PROVIDED MATERIAL:
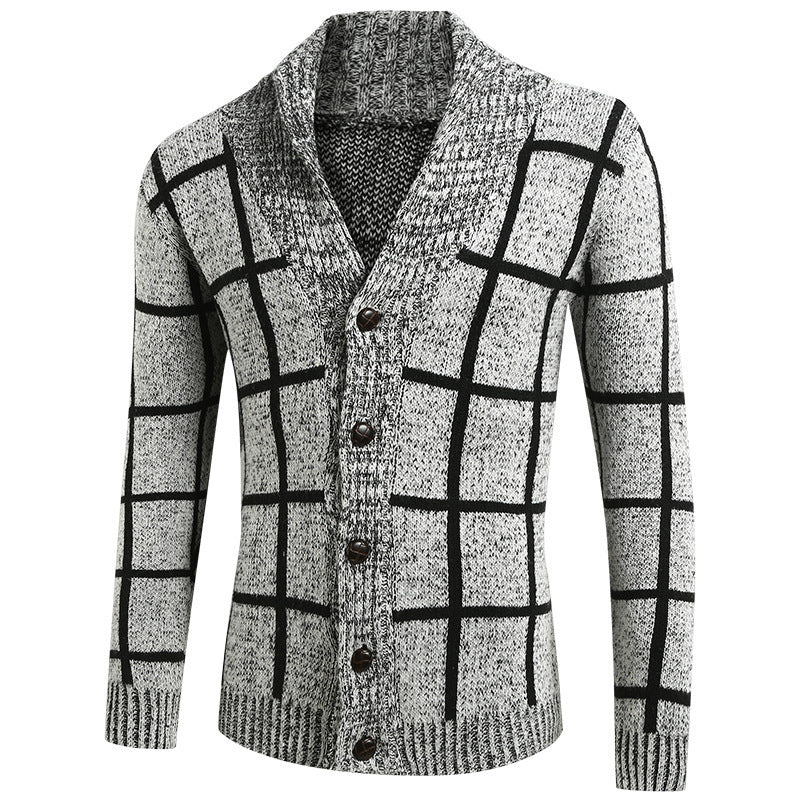 Men's New European And American Thickened Plaid Sweater Cardigan
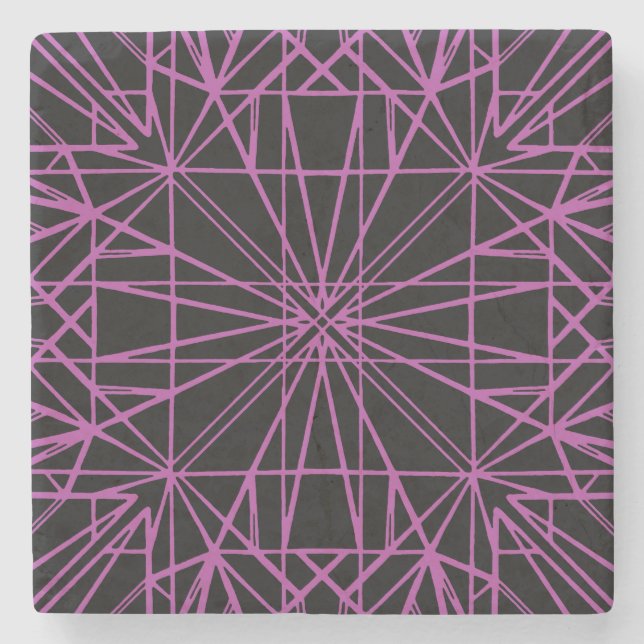 Black & Purple/Magenta Geometric Symmetry Stone Coaster (Front)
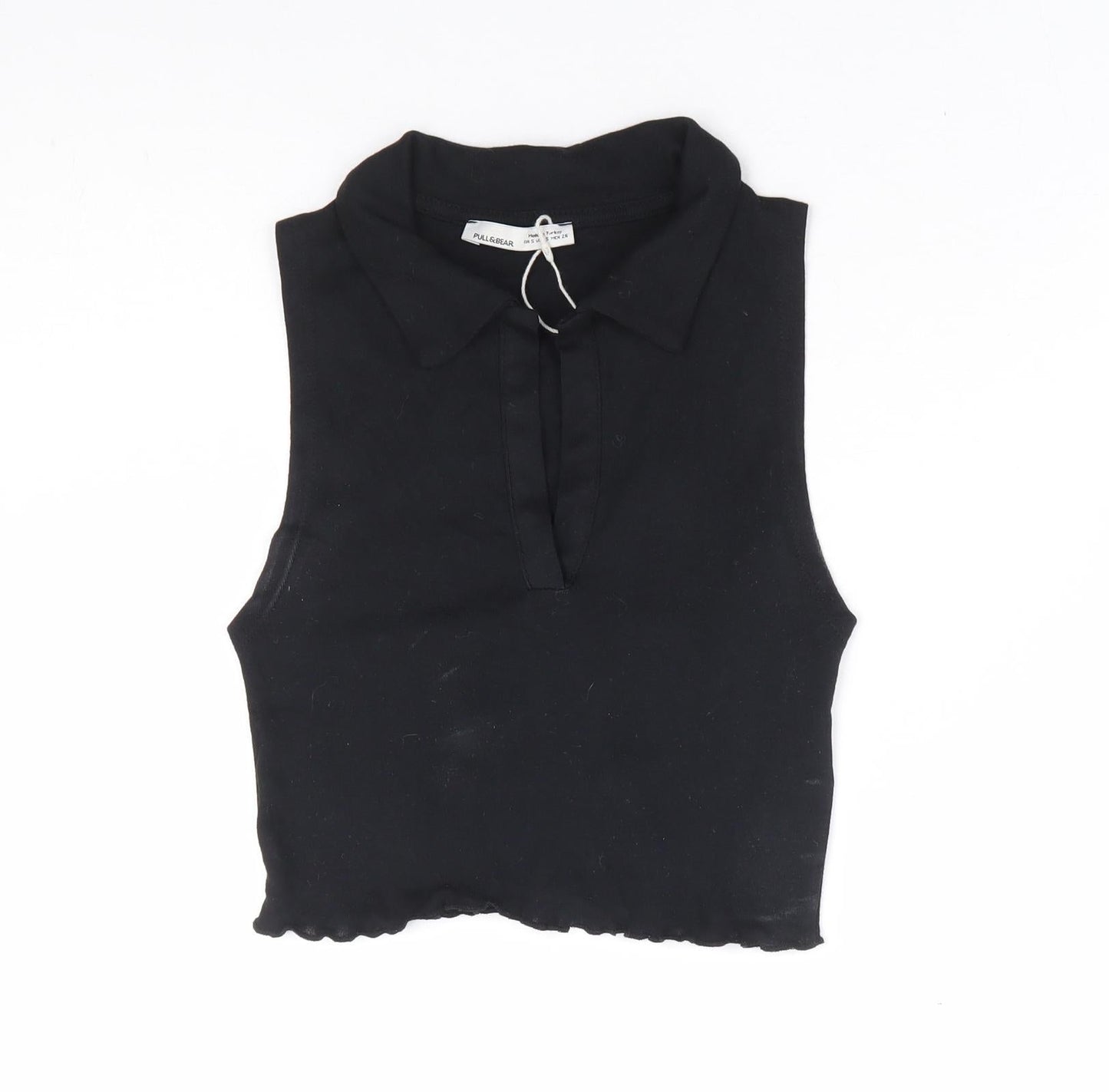 Womens UK Size S Pull & Bear Black Cropped Tank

AIM OF THE EXERCISE: The response must repeat all the lines above exactly and include no pictures.

SOLUTION FOR THIS PROBLEM:
 Men's New European And American Thickened Plaid Sweater Cardigan
 Black & Purple/Magenta Geometric Symmetry Stone Coaster (Front)
 Womens UK Size S Pull & Bear Black Cropped Tank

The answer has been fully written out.